Various definitions of its exact composition exist and no one definition is universally accepted. Despite this uncertainty in defining borders, it does have some important overall characteristics. For one, Central Asia has historically been closely tied to its nomadic peoples and the Silk Road. As a result, it has acted as a crossroads for the movement of people, goods, and ideas between Europe, West Asia, South Asia, and East Asia.
In modern context, Central Asia consists of the five former Soviet republics of Kazakhstan on the north, Kyrgyzstan on the northeast, Tajikistan – is situated to the southeast, Turkmenistan, which spreads from the Caspian Sea to the middle reaches of the one of the largest central Asian rivers, the Amu-Darya (Vahsh in ancient times, Oxus in Greek, and Jeihun in the Middle Ages); and Uzbekistan, located in the lower region of the Amu-Darya River. Uzbekistan covers the central area between the two rivers (called Maverannahr in the Middle Ages) i.e. the lands between the two biggest central Asian rivers, the Syr-Darya and Amu-Darya.
Other areas are often included such as Mongolia, Afghanistan, northern-Pakistan, north-eastern Iran, north-western India, and western parts of the People’s Republic of China such as Xinjiang. South-western and middle China such as Tibet Autonomous Region, Qinghai, Gansu and Inner Mongolia, and southern parts of Siberia may also be included in Central Asia.However, on OrexCA.com portal in our materials in the English language we will use the term “Central Asia” only in respect of the five countries: Uzbekistan, Kazakhstan, Kyrgyzstan, Tajikistan, Turkmenistan. Other regions, which are geographically part of Central Asia, will be referred to as “Central Asian part of this or that country”. For example, we may be writing about “Central Asian part of China” or “Central Asian part of India” and so on.
During pre-Islamic and early Islamic times, Central Asia was a predominantely Iranian region that included sedentary Sogdians, Chorasmians and semi-nomadic Scythians, Alans. The ancient sedentary population played an important role in the history of Central Asia. Tajiks, Pashtuns, Pamiris and other Iranian groups are still present in the region. After expansion by Turkic peoples, central Asia became also the homeland for many Turkic peoples, including the Uzbeks, Kazakhs, Kyrgyz, and Uyghurs, and Central Asia is sometimes referred to as Turkestan.

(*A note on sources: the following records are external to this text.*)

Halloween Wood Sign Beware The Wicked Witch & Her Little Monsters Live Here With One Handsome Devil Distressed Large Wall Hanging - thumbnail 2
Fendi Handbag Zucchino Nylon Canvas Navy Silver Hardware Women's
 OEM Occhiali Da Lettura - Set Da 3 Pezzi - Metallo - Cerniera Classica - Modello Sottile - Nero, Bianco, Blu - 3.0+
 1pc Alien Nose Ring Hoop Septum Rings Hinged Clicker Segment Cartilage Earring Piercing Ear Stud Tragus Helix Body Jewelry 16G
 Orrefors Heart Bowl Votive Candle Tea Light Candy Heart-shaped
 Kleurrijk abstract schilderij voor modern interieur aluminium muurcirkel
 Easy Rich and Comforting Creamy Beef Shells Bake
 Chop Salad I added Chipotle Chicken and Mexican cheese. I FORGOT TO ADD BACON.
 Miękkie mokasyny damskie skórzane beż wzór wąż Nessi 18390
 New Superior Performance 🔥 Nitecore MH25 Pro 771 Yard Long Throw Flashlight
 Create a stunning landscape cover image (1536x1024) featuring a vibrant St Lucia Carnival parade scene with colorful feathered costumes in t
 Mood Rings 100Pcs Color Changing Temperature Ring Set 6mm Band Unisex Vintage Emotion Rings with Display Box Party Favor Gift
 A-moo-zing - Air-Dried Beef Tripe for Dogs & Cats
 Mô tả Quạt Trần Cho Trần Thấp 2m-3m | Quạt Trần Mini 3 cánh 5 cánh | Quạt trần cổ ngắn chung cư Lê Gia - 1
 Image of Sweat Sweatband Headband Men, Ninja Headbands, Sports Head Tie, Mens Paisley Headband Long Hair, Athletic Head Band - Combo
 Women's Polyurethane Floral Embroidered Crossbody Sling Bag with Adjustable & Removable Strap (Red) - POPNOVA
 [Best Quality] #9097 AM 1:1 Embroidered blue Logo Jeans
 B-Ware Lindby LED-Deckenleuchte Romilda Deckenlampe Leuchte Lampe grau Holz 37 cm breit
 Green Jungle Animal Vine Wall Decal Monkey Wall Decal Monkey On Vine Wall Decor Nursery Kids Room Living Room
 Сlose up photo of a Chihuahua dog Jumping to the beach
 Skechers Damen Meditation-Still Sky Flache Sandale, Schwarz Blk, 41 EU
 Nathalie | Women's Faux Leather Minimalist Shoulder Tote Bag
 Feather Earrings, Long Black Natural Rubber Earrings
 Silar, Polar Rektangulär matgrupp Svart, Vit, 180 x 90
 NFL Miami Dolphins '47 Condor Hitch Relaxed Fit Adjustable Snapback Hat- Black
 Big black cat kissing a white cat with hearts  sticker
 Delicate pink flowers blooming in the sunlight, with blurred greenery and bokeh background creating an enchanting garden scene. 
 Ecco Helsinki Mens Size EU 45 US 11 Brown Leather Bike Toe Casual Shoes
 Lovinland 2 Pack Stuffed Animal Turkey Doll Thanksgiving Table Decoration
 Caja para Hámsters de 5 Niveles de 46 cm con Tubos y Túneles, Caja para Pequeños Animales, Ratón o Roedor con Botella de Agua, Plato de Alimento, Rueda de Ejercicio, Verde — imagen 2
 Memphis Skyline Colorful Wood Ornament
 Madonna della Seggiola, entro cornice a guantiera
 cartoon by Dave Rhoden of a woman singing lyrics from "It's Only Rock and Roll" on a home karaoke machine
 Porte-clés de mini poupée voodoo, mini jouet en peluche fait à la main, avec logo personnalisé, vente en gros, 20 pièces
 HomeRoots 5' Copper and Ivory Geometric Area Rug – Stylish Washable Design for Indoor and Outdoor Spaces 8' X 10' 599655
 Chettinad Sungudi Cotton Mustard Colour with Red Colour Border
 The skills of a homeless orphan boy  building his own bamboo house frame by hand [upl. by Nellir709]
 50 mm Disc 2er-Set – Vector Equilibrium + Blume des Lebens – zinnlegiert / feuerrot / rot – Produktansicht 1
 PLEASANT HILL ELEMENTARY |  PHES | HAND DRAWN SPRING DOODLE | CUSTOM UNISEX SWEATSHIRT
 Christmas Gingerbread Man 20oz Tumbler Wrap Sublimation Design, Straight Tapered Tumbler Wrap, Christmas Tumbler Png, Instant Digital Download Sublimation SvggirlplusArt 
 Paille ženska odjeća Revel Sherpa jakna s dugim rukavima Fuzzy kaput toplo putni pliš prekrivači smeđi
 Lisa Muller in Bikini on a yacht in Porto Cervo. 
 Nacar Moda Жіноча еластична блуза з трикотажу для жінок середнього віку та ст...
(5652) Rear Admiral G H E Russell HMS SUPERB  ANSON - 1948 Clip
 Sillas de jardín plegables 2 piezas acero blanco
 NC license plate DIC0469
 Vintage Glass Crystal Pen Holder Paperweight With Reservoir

The desert areas and steppes of Central Asia are characterized by their continental climate and intensive isolation, extreme aridity, and sparse precipitation. Their remoteness from oceans, the major humidity source, little atmospheric precipitation, and high summer temperatures which created prolonged droughts, caused the formation of the vast desert regions here.
Begin your journey through Central Asia! You will see splendid architecture, feel at one with stunning wilderness, feel the hot wind of deserts and admire dazzling mountain summits.
Look into the past and you will see the present reflected. Have a happy trip along Central Asia travel along The Great Silk Road with Ahalsiyakhat.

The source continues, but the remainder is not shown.